Jeremiah foretells a new covenant, not the covenant of the Law made through the Ten Commandments, but a covenant wherein the Law will no longer exist as written word or be passed down orally by our forefathers. Instead, God tells us through Jeremiah that the Law will be written in flesh and taught by God himself. At the Passover meal before Jesus’s crucifixion, Jesus takes the third cup of the seder meal, the cup of Salvation, and says, “This cup that is poured out for you is the new covenant in my blood” (Luke 22:20, ESV).
The new covenant Jeremiah foretold, wherein the Law would become flesh and be taught from the lips of God himself, formed by Jesus through the cup of Salvation, the sacrifice of His blood. As the Jewish people of the old covenant look to the Law as a perfect example of God’s plan in their lives, we can look to Jesus, the fulfillment of that Law, as the perfect example of God’s plan for us. God, speaking through Jeremiah, continues: “For they shall all know Me, from the least of them to the greatest of them, says the Lord. For I will forgive their iniquity and their sin I will remember no more.” (Jeremiah 31:34, NKJV).
After Jesus takes the cup of Salvation during the Last Supper, an argument ensues (Luke 22:24-30) that reflects the rest of this prophecy. Who among us is the greatest and who the least? Jesus flips this paradigm on its head, saying that while He is the greatest among them, he has taken the lowest position, that of the servant. Lent is a time of preparation, a time of anticipatory waiting, a time of self-reflection, self-denial, and service to others.
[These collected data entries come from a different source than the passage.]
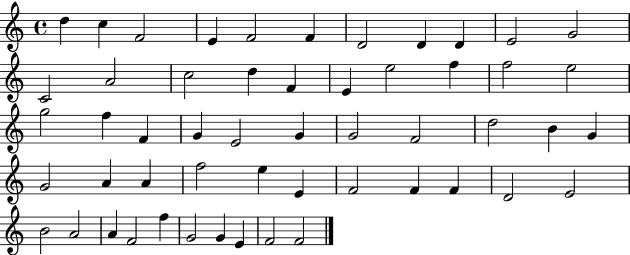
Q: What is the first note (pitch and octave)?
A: D5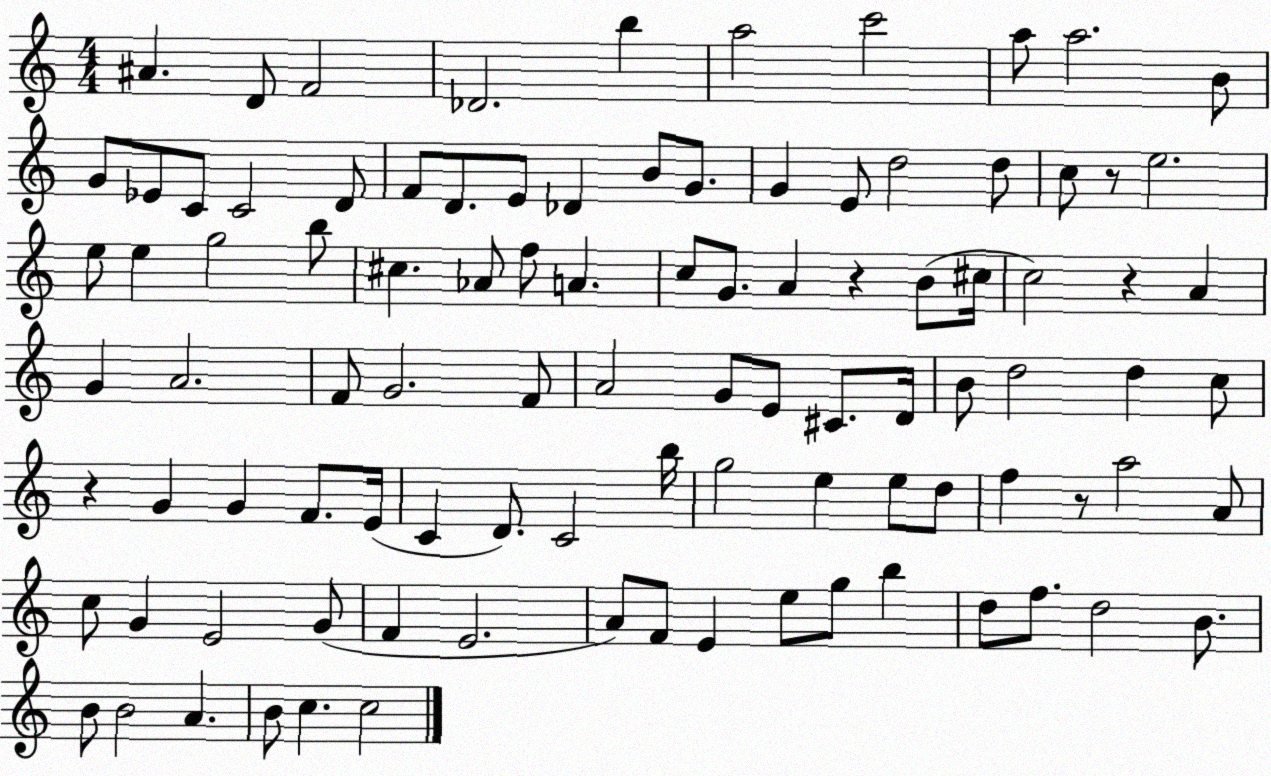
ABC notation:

X:1
T:Untitled
M:4/4
L:1/4
K:C
^A D/2 F2 _D2 b a2 c'2 a/2 a2 B/2 G/2 _E/2 C/2 C2 D/2 F/2 D/2 E/2 _D B/2 G/2 G E/2 d2 d/2 c/2 z/2 e2 e/2 e g2 b/2 ^c _A/2 f/2 A c/2 G/2 A z B/2 ^c/4 c2 z A G A2 F/2 G2 F/2 A2 G/2 E/2 ^C/2 D/4 B/2 d2 d c/2 z G G F/2 E/4 C D/2 C2 b/4 g2 e e/2 d/2 f z/2 a2 A/2 c/2 G E2 G/2 F E2 A/2 F/2 E e/2 g/2 b d/2 f/2 d2 B/2 B/2 B2 A B/2 c c2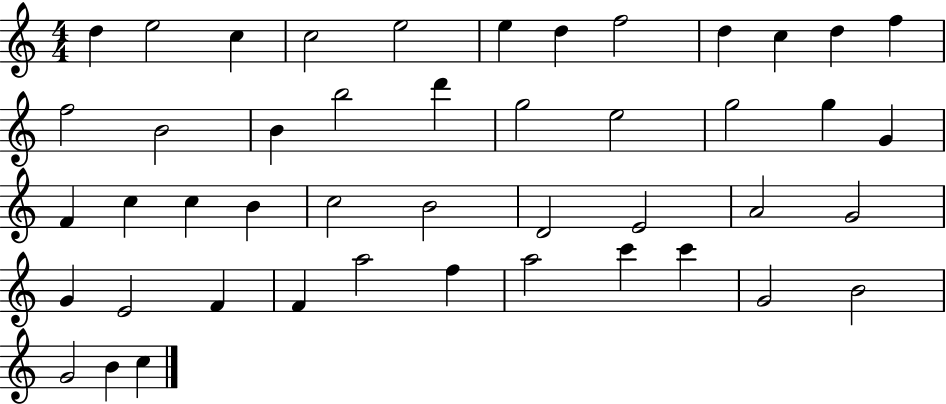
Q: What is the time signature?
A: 4/4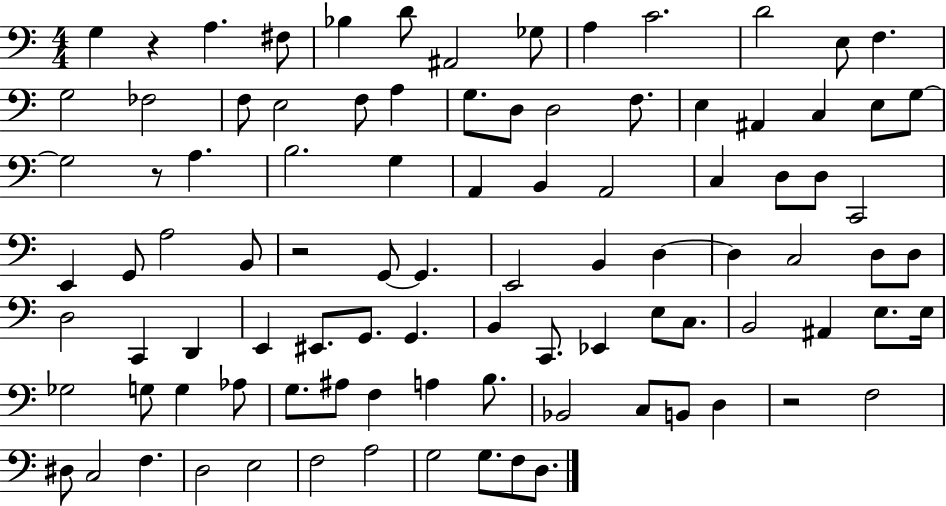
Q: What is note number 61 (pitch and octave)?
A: Eb2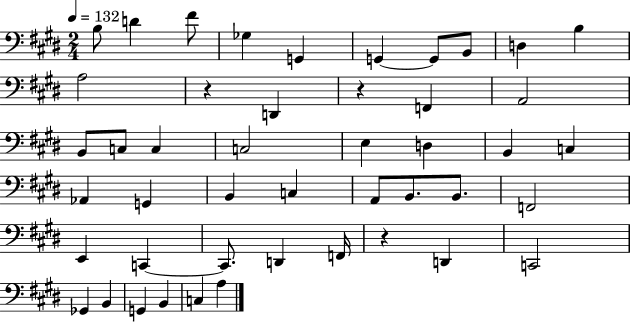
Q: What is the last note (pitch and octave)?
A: A3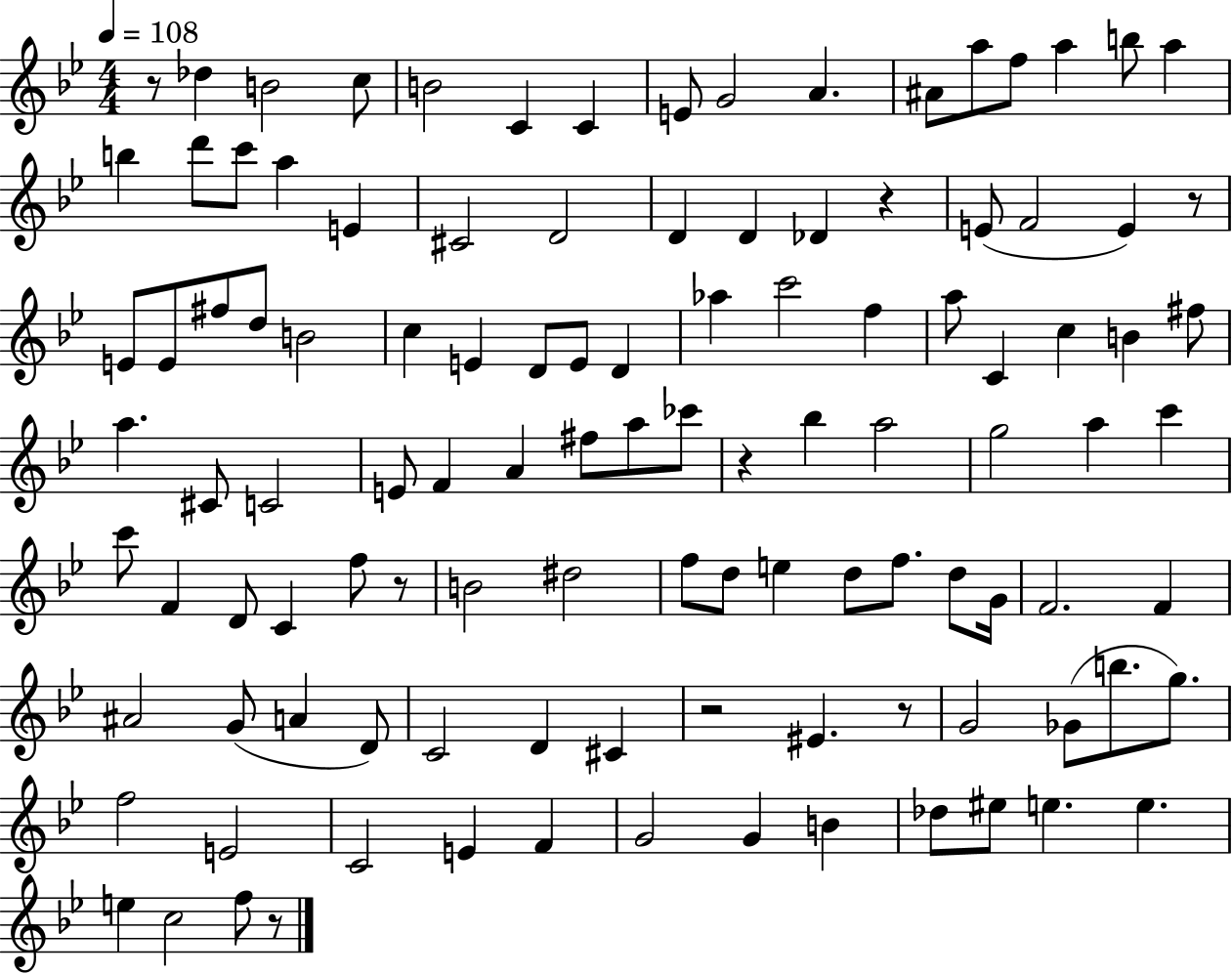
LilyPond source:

{
  \clef treble
  \numericTimeSignature
  \time 4/4
  \key bes \major
  \tempo 4 = 108
  r8 des''4 b'2 c''8 | b'2 c'4 c'4 | e'8 g'2 a'4. | ais'8 a''8 f''8 a''4 b''8 a''4 | \break b''4 d'''8 c'''8 a''4 e'4 | cis'2 d'2 | d'4 d'4 des'4 r4 | e'8( f'2 e'4) r8 | \break e'8 e'8 fis''8 d''8 b'2 | c''4 e'4 d'8 e'8 d'4 | aes''4 c'''2 f''4 | a''8 c'4 c''4 b'4 fis''8 | \break a''4. cis'8 c'2 | e'8 f'4 a'4 fis''8 a''8 ces'''8 | r4 bes''4 a''2 | g''2 a''4 c'''4 | \break c'''8 f'4 d'8 c'4 f''8 r8 | b'2 dis''2 | f''8 d''8 e''4 d''8 f''8. d''8 g'16 | f'2. f'4 | \break ais'2 g'8( a'4 d'8) | c'2 d'4 cis'4 | r2 eis'4. r8 | g'2 ges'8( b''8. g''8.) | \break f''2 e'2 | c'2 e'4 f'4 | g'2 g'4 b'4 | des''8 eis''8 e''4. e''4. | \break e''4 c''2 f''8 r8 | \bar "|."
}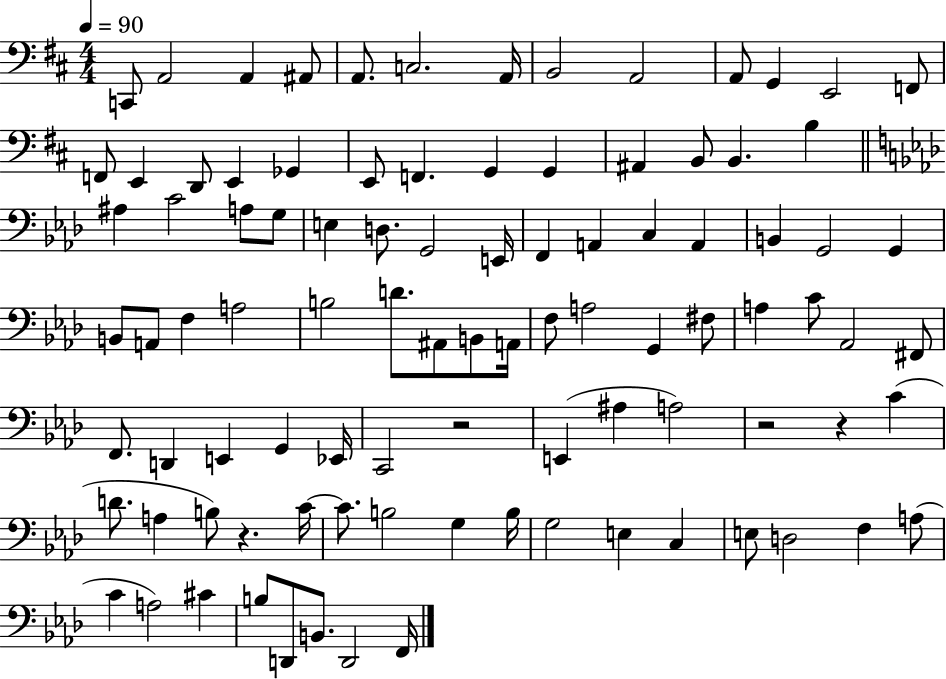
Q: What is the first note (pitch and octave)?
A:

This Lenten season, let us become more like “Christ Jesus, who, though he was in the form of God, did not count equality with God a thing to be grasped, but emptied himself, by taking the form of a servant, being born in the likeness of men. And being found in human form, he humbled himself by becoming obedient to the point of death, even death on a cross.” (Philippians 2:5-8, ESV).